甲板の野郎どもは、すぐに集合した。
いつものように、ミニ海賊船の、賑やかな食事がはじまる。
突然のゴチソウに、誰もが仰天して、それから、ガキ丸出しで、はしゃぎまわった。
こいつらの食事の面倒見るのァ…おれァ嫌いじゃねェ。
海賊、つって冒険とボランティア活動にばかりいそしんでる変わりモンばかりの、この連中も、ここの小さなキッチンも、おれは、すごく気に入ってるんだ。
それに……
…それに、よ……
「あれ?ゾロは?」
最後に席についたトナカイが、急に気付いて、声にした。
「ゾロだけ、まだ来てないよ」
「まーた、来ないんじゃないの?」
ほっときなさいよ。
てな、お顔で、ナミさんが向かいの席から、からかった。
「きっとね、あんたにお酒とめられてから、スネてんのよ。今日パーティーだなんて聞いたら、ますます来ないわよ」
「だって、それは…」
モコモコが、困った顔で、モグモグ言ってる。
いんだよ、トナカイ。てめえはべつに、悪くねえ。
悪ィのは、地雷なんか踏んじまった、あのクソボケ剣士。
この間、
食料補給で小さな島に立ち寄ったら、偶然そこが、どっかの海賊のバカンス島で。とうぜん戦闘になっちまったわけだが…まァそいつらの基地に、知らずに迷い込んだわけだから、
あの迷子野郎が、そんなベタな罠にひっかかったりもしたわけだ。
どーせアイツのケガなんざ見慣れてっから、誰も気にもしてねェんだが。
ただ、最近乗船した、このトナカイ船医が、使ったクスリの関係で、ゾロに、しばらく禁酒を言いつけた。

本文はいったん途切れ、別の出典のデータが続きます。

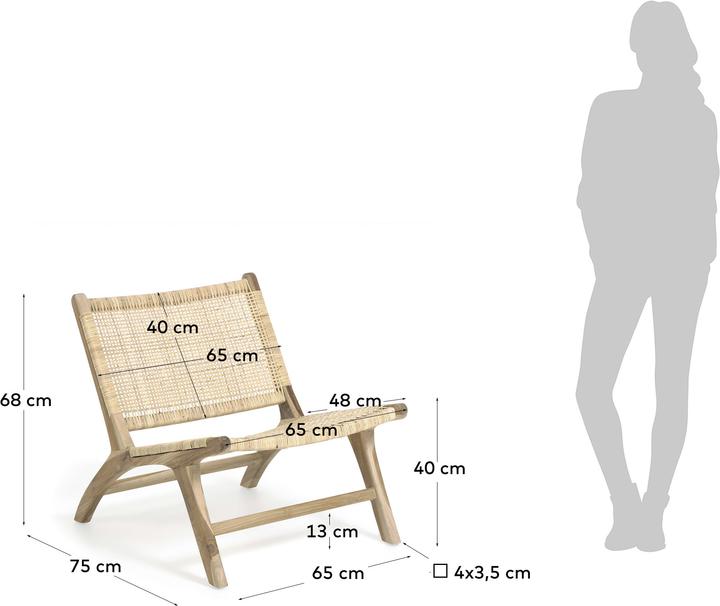 Actual product image Kave Home Beida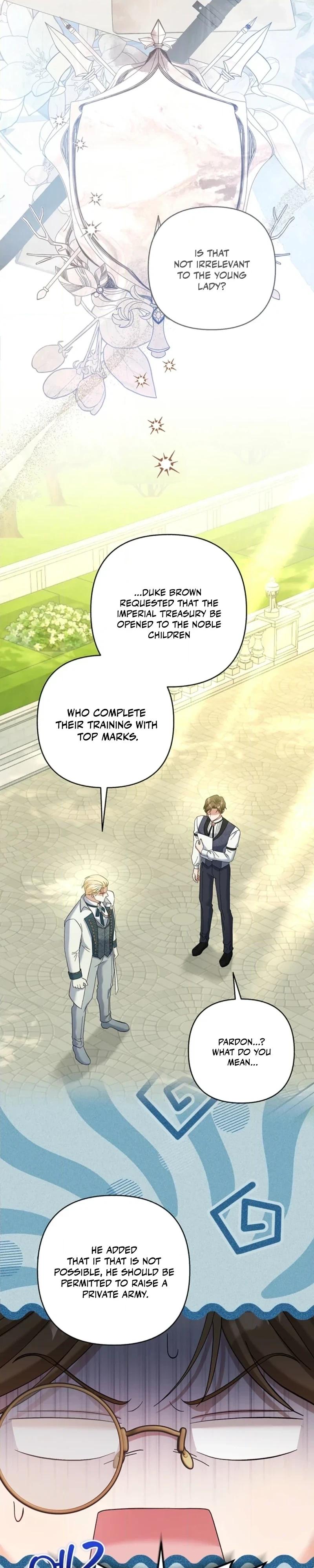 The Little Brat Runs Wild Chapter 45 page 8 - 
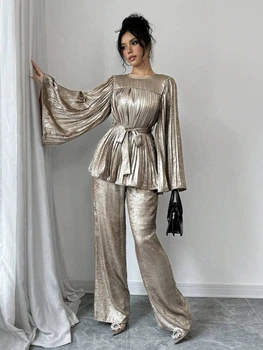 Костюм SHEIN L Золотой sz2408302694466665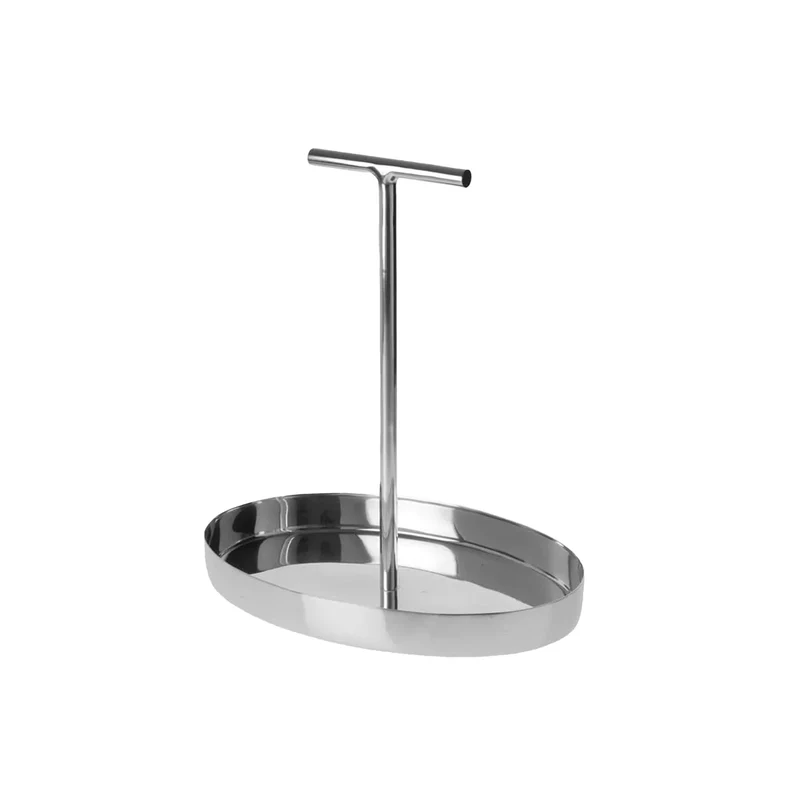 Polished Aluminum Tray PHIL by Bijoy Jain for Paola C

それからだ。ゾロが、なんとなく食事時に遅れるようになったのは。
目の前で、皆が美味そうに飲んでるのに、テメェだけ飲めねえってのが、こたえるのかもしれねェし。たんにキズの具合が悪ィから、寝てたいだけかもしれねえが。なんとなく、のたのたしてて、
昼も夜も、つまんなそうなツラで、こころなしか、イキの悪ィサカナみてェな感じだった。
つい、この間も。
深夜、おれが明日の仕込みをやってたら、
イキナリ、バタンとドアがあいて、のそのそと、緑の頭が入ってきた。
そうして、おれの後ろに立ち、
「ノドかわいた」
と歯切れの悪ィ声で、ボソボソ言う。
うつむいてる頬が、ほんの少し赤い。
しかも視線が、迷子みてェにウロウロしている。
おれは、可笑しくなって、わざとクソ意地悪ィ声とカオで
「酒ならねえよ。あっても、てめェにゃ、やれねェな」
と返してやった。すると、
「わかってるよ。べつに……いらねえ」
いつもみてェに反撃もせず、ガキみてェなフテくされたツラで、ゾロは、そのまま何も飲まずに、出ていった。
「オイ、待て……待てって!!」
おれは、つい慌てて後を追い、
手すりにつかまって足を引きずりながら階段をおりかけている、ややしょんぼりした背中に、
「今度、イイモン作ってやるよ」
「あ?なんだよ、それ?」
「まるで酒みてェな、クソ不思議なジュース」
「あぁ?」
「期待して待ってな。おれ様に不可能なレシピはねェんだからよ」
「………ああ、頼む」
一度振り返ったゾロは、ぜんぜん気乗りのしねェ声で、またクルリと背中を向けてのろのろと降りていった。
ちぇっ。
やっぱ、つまんねェよなァ。
コイツが、元気に、くってかかってこねェと。
おれァ、心底つまんなかった。アイツをイジメてケンカすんのが、おれの今んとこ最高最大の楽しみなのに……。
創業記念パーティーは、まだ、はじまったばかりだ。きゃーきゃー騒いでる連中をそのままに、おれは一人で、もう一度甲板に向かった。
「起きろ。クソ剣士」
「あァ?」
淡い色の闇のなかに、ポツンと一人で寝ていたゾロは、
おれが、シャツの脇腹をクツ先で軽く蹴ると、妙にヤル気のねェ疲れたみてェな視線で、見上げてきた。
これがナミさんなら、100ほど美辞麗句並べたて、ご丁寧にお迎えすんのに。ほかの野郎どもにだって、もちっと優しくしてやんのに。
コイツだけは、おれァどうしても、見ると、蹴ったり突っついたりしたくなる。ま、頑丈だからカンタンに壊れやしねェし。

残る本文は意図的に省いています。